### WORK ITEM
Taking the line that contains "Noah Sanders, Presa" as the first and the final line of the records as the last, write out every line between them exactly, ends included, and nothing else.

━━━━━━━━━━

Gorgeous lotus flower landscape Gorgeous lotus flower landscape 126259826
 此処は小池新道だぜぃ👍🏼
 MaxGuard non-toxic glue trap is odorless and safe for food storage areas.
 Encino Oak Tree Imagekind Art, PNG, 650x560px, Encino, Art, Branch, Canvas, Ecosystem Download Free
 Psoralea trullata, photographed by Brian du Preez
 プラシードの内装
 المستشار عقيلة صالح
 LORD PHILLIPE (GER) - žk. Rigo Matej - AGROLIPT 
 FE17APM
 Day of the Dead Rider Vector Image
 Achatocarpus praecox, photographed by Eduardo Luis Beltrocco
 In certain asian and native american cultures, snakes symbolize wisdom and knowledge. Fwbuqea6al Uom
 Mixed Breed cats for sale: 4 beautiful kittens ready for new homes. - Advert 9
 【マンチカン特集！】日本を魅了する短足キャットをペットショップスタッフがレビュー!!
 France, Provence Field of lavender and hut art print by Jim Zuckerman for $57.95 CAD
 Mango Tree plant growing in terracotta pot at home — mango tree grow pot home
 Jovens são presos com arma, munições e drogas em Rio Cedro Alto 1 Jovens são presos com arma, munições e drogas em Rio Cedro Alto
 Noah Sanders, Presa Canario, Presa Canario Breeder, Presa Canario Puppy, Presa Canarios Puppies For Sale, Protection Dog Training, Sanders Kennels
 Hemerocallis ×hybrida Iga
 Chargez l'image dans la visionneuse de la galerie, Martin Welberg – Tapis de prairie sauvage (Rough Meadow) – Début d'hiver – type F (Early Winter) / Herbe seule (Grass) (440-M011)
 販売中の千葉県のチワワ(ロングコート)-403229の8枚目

━━━━━━━━━━

### ANSWER
 Noah Sanders, Presa Canario, Presa Canario Breeder, Presa Canario Puppy, Presa Canarios Puppies For Sale, Protection Dog Training, Sanders Kennels
 Hemerocallis ×hybrida Iga
 Chargez l'image dans la visionneuse de la galerie, Martin Welberg – Tapis de prairie sauvage (Rough Meadow) – Début d'hiver – type F (Early Winter) / Herbe seule (Grass) (440-M011)
 販売中の千葉県のチワワ(ロングコート)-403229の8枚目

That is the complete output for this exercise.